Retinal detachment: Overview

The retina is a thin nerve membrane in the back of your eye. It detects light entering the eye. Then it sends signals to your brain about what the eye sees.

Retinal detachment means the retina has separated from the wall of the eye. This can lead to severe vision loss or blindness.

Surgery can reattach your retina. The sooner it's done, the better chance you'll be able to see well again.

Retinal detachment

Retinal detachment means that the retina—a thin layer of nerve tissue at the back of your eye—has detached, or pulled away. This can lead to vision loss and blindness.

A retina can detach as a result of aging, an eye injury, inflammation, or some diseases such as diabetes. But many times there is no obvious cause.

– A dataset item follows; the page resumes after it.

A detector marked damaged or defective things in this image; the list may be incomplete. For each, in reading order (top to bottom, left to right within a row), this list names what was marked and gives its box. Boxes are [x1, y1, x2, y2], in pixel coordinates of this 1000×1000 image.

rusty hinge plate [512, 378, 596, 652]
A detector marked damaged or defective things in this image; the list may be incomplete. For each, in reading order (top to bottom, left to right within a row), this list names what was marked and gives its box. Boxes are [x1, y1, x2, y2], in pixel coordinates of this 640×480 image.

Retinal detachment requires care right away. Surgery is the only way to reattach the retina.

What are the symptoms of retinal detachment?

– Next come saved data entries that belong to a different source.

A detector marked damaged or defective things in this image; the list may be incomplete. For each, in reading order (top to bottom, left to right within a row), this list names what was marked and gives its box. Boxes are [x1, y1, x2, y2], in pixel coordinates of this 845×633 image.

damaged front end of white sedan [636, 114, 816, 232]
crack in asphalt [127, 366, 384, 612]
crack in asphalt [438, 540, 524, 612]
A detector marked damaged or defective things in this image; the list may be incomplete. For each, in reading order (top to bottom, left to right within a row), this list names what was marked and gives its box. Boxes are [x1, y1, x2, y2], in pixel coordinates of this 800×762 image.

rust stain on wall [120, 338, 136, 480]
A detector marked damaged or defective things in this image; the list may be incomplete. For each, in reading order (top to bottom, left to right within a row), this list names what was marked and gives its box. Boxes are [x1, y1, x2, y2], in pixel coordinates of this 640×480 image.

Many people see floaters and flashes of light before they have symptoms of retinal detachment. Floaters and flashes don't always mean that you will have a retinal detachment. But they may be a warning sign, so it's best to be checked by a doctor right away.

How is retinal detachment treated?

Surgery is the only way to reattach the retina. There are many ways to do the surgery. They include using lasers, air bubbles, or a freezing probe to seal a tear in the retina and reattach the retina. This condition needs treatment right away. Without treatment, vision loss can become severe.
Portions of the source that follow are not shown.